[Exercise] An exact copy of the data is required. No picture may appear in it.

Exercise data below:

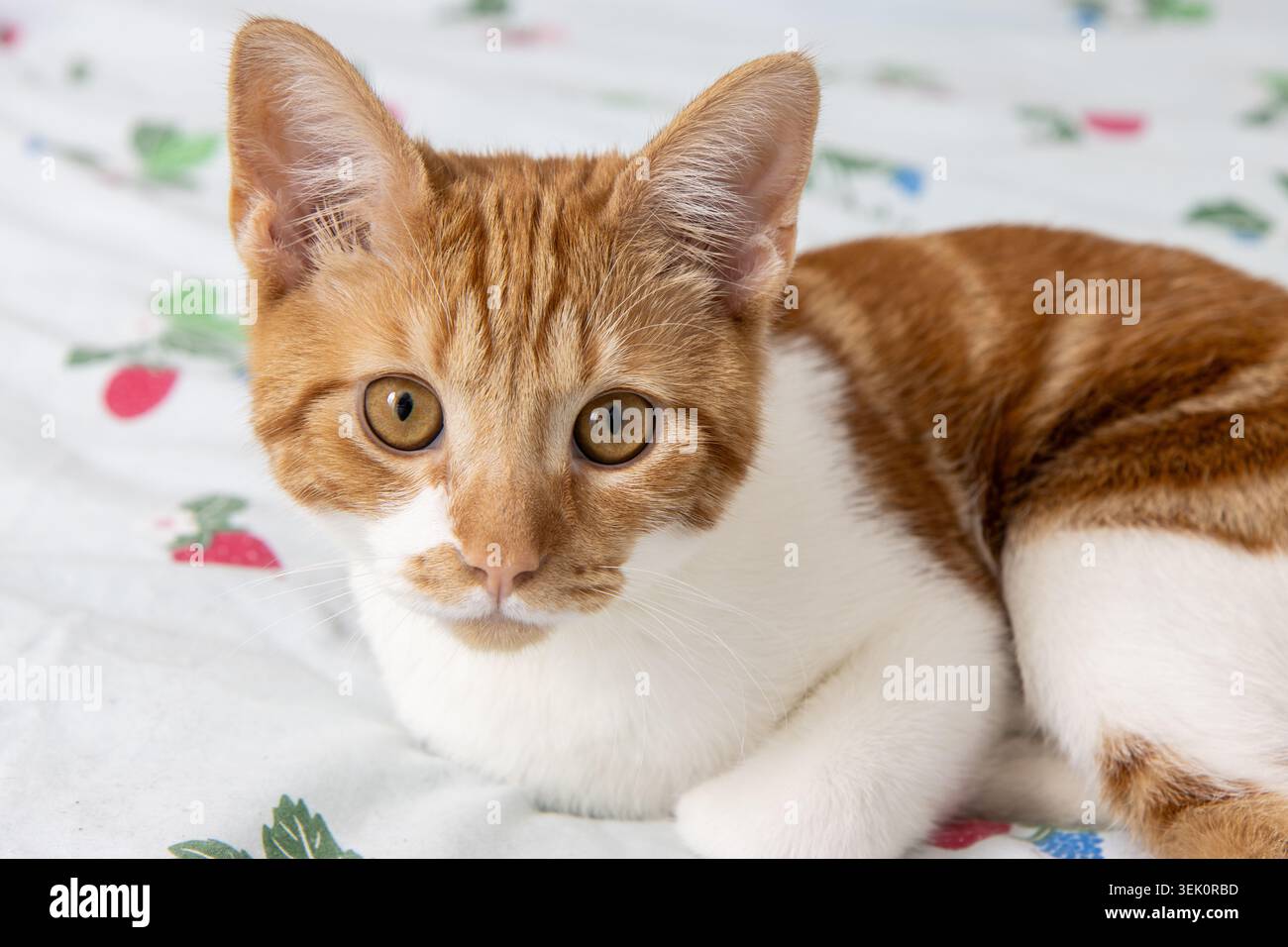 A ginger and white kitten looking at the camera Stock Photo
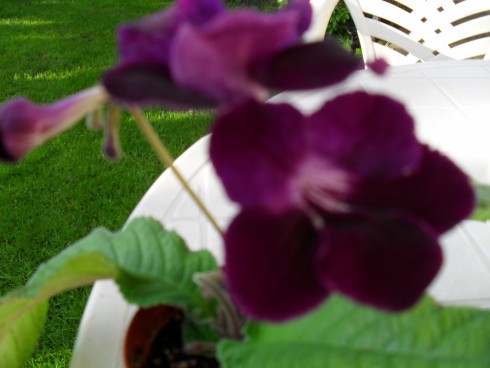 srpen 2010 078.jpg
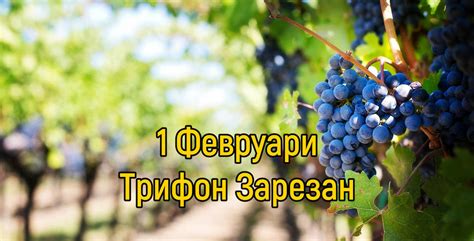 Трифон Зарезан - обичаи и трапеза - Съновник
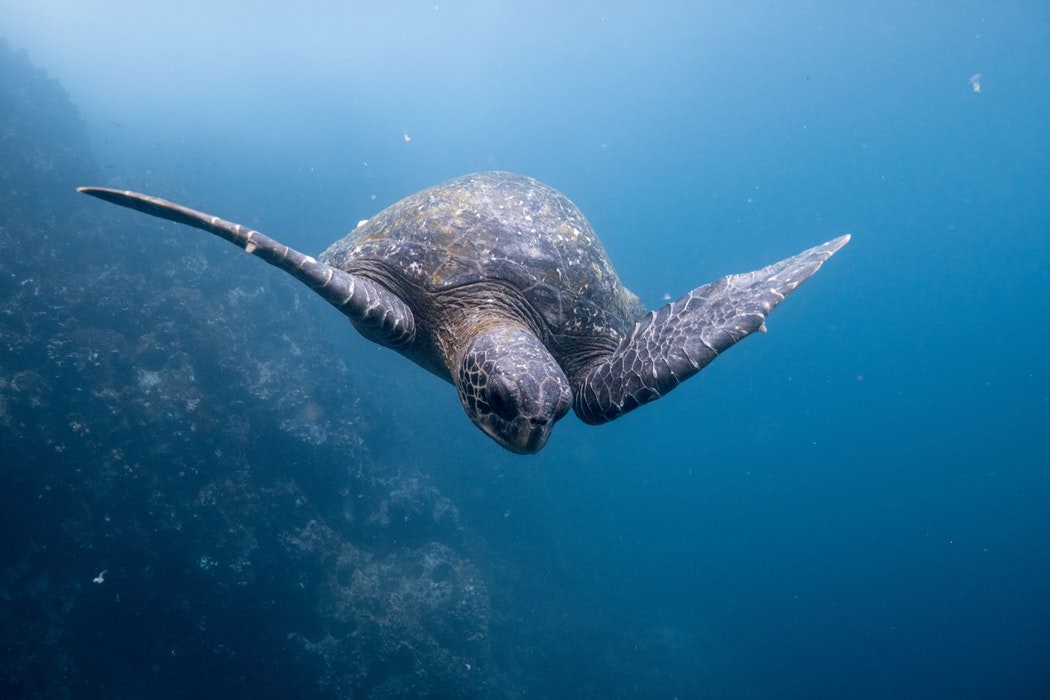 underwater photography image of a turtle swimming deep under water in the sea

End of Exercise data.

[Solution for this problem]
 A ginger and white kitten looking at the camera Stock Photo
 srpen 2010 078.jpg
 Трифон Зарезан - обичаи и трапеза - Съновник
 underwater photography image of a turtle swimming deep under water in the sea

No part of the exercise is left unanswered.